Yarım kaldı şarkıları ama. Tek bir balta darbesiyle bütün kapaklar açıldı ve 38 gövde boşlukta sallanırken, Minnesota’nın beyaz yerleşimcileri keyifle alkışlıyorlardı…
Bir var olma savaşı
Bugün ‘Dakota 38’ diye anılan bu travmatik infazın elbette geniş bir arka planı var. Sorunun tarihi, bir anlamda ilk beyaz işgalcilerin Kızılderili topraklarına el koydukları güne kadar uzanıyor. Ve tabii asla tutulmayan sözlere, uyulmayan anlaşmalara… 1862’de Minnesota bölgesi tam da bu kaosun içindeydi. Her gün yenilenen ve hiç tutulmayan sözlerin vardığı son noktada artık Dakota halkı yaşamını sürdüremeyecek kadar dar bir alana sıkıştırılmıştı, en resmi ağızlardan “Bırakın ot yesinler” deniliyordu onlara ve çatışma patlak verdi. 17 Ağustos 1862’de savaş resmen başladı ve 37 gün sürdü. Tahminlere göre bu sürede, 77 Amerikan askeri, 29 paramiliter korucu, 358 yerleşimci ve 29 Dakota savaşçısı yaşamını yitirmişti. Bu arada, iki tarafın elinde de çok miktarda rehine vardı.
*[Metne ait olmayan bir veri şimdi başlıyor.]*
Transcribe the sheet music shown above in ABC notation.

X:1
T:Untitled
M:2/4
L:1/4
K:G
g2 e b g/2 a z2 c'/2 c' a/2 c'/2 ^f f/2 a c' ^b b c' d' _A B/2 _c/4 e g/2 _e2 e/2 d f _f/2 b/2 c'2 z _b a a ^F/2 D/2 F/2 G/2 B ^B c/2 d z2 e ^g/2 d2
Sonuçta, Eylül ayında Dakotaların bir bölümü aileleriyle birlikte şimdiki Kanada topraklarına geçerken, diğer Dakota liderleri, yalnızca yerleşimcilere saldıranları cezalandıracağını söyleyen Sibley’e inanarak teslim oldu. Bu, 2 binden fazla tutuklama anlamına geliyordu. O günlerde genç savaşçılardan Hdainyanka, Dakota konseyinde “Savaşı sürdürmekten yanayım ve rehinelerin teslim edilmesine karşıyım. Onlardan vazgeçersek beyazların yapacakları herhangi bir anlaşmanın arkasında duracaklarına dair hiçbir güvenim yok. Bizi hep soydular ve dolandırdılar. İnsanlarımızı vurdular, astılar, hapishanelerde öldürdüler ve o yüzden gençlerimiz heyecanlanarak katliam yaptılar, eskiler de onları engelleyemedi. Olanlardan pişman olabiliriz, ancak mesele düzeltilemeyecek kadar ileri gitti. Artık ölmek zorundayız” diye konuştu ama o ve diğer savaşçılar teslim olmayı kabul ettiler.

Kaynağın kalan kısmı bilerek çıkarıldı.